La chose ou son spectre
Avec la série « Les bitaustères », le phalle pointe sa tige mais sans vraiment sortir de sa propre coquille. Nous en sommes en quelque sorte aux potentiels préludes. Pour preuve, Rodia Bayginot enveloppe les ustensiles loin du travail du deuil et de la mélancolie, car c’est moins pour les cacher que les suggérer en un faux linceul.
Cela revient à ranimer ce qui souvent hante et travaille. A ce titre, l’iconoclaste demeure fidèle à la condition humaine pour en décrypter les possibles infirmités.

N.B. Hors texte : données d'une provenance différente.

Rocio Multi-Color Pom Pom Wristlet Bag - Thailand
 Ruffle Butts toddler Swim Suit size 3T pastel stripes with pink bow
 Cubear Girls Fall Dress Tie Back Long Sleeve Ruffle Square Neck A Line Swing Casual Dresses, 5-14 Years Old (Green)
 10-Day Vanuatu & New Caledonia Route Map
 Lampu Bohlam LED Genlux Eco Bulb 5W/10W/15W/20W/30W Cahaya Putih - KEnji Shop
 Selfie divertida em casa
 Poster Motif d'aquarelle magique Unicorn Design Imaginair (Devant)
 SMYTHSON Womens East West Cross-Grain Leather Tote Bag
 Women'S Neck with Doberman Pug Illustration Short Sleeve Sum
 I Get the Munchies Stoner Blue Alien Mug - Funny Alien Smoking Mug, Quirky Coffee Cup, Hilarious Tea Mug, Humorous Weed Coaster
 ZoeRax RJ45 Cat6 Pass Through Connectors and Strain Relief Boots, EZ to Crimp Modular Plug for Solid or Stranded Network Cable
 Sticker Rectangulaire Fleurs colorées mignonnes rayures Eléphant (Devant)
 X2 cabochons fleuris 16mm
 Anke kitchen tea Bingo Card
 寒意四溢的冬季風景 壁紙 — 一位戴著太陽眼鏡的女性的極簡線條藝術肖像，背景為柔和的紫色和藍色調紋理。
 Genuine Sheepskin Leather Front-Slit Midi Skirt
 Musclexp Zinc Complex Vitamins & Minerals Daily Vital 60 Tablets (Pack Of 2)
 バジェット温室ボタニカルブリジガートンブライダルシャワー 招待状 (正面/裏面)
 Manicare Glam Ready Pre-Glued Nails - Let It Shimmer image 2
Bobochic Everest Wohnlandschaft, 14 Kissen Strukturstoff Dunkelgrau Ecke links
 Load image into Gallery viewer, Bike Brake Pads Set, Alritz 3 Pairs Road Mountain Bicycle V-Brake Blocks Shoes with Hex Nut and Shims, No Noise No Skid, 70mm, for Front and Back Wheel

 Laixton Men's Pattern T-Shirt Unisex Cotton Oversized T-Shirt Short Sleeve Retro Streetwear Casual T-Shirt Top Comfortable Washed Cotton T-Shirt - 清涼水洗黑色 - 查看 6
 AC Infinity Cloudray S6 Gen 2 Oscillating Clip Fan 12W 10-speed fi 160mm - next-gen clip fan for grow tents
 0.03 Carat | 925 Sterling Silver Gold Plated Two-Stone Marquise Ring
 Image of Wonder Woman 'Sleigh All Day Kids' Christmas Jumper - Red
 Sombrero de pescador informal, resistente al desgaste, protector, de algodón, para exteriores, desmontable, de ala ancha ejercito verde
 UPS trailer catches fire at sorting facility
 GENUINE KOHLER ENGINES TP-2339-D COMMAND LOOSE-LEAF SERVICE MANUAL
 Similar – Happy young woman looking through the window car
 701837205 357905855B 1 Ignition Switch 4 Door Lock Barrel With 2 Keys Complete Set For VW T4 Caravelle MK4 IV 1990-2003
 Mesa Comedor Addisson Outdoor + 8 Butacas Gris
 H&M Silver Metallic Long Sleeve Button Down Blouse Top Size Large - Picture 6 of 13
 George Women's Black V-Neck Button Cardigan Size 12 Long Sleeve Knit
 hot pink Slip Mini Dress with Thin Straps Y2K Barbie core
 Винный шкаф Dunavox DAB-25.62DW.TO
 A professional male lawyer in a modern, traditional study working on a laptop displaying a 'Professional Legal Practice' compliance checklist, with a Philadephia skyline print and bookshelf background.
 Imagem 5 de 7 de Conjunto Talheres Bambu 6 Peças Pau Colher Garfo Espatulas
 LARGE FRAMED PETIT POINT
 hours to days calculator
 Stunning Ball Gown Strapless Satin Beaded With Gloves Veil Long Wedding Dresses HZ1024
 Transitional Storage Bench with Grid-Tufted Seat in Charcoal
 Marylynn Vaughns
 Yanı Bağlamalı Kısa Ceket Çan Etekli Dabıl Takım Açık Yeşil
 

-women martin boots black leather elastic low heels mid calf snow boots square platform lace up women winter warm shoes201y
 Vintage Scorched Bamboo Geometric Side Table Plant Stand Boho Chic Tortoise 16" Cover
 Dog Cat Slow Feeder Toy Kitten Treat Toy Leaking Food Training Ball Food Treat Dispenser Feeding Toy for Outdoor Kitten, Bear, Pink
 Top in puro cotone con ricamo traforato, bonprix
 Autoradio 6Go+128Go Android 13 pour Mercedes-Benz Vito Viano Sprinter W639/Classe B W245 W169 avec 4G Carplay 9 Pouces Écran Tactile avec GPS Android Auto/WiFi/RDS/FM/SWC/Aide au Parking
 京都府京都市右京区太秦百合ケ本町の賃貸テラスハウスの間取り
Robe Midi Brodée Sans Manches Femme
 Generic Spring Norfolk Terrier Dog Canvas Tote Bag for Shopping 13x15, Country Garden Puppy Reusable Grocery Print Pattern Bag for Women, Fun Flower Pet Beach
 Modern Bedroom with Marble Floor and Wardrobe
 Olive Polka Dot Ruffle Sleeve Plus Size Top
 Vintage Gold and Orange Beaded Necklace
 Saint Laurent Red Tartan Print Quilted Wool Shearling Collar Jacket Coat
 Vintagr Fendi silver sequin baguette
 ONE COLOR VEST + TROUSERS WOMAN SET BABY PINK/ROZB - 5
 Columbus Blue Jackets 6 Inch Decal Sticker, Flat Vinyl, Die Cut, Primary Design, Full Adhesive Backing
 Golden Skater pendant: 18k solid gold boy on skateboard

Elle quitte ici les métaphores pour des métamorphoses en rien moroses. Elles illustrent ce qui nous affecte et nous grignote.
De telles sculptures textiles recréent l’espace du désir et rappellent la vie d’avant le jour et d’avant le langage. Il convient donc d’y entrer et de s’y débattre comme nous le pouvons. Car par leur vision, ces oeuvres appâtent notre inconscient, le concentrent. Et de ce fait, la créatrice désinhibe et dégage des terreurs mystiques.
Les sexes épinglés, dressés, emmitouflés et à l’esprit aveugle réinventent une humanité “blanche” qui accouche sa chimère. L’artiste fait penser à ces femmes Mayas qui créent d’étranges poupées faites de divers morceaux. Mais les siennes sortent des traditions. Elles sont voluptueuses, fantaisistes et soulèvent de nombreuses questions au sujet de la féminité, de la masculinité et des transgenres.
Rodia Bayginot appartient donc à la grande épopée de l’art du temps. Sa création en son dynamisme côtoie toujours l’abîme comme le surgissement de la vie. Mais nul ne peut affirmer si elle est post-moderne, moderne, baroque, classique et qu’importe. A nos temps troublés, elle répond par le pouvoir ensorcelant et ironiques de ses créations.
jean-paul gavard-perret
Rodia Bayginot, Les bitaustères, festival Splash, regards croisés sur le désir, Marseille, du 24 septembre au 1er octobre 2023.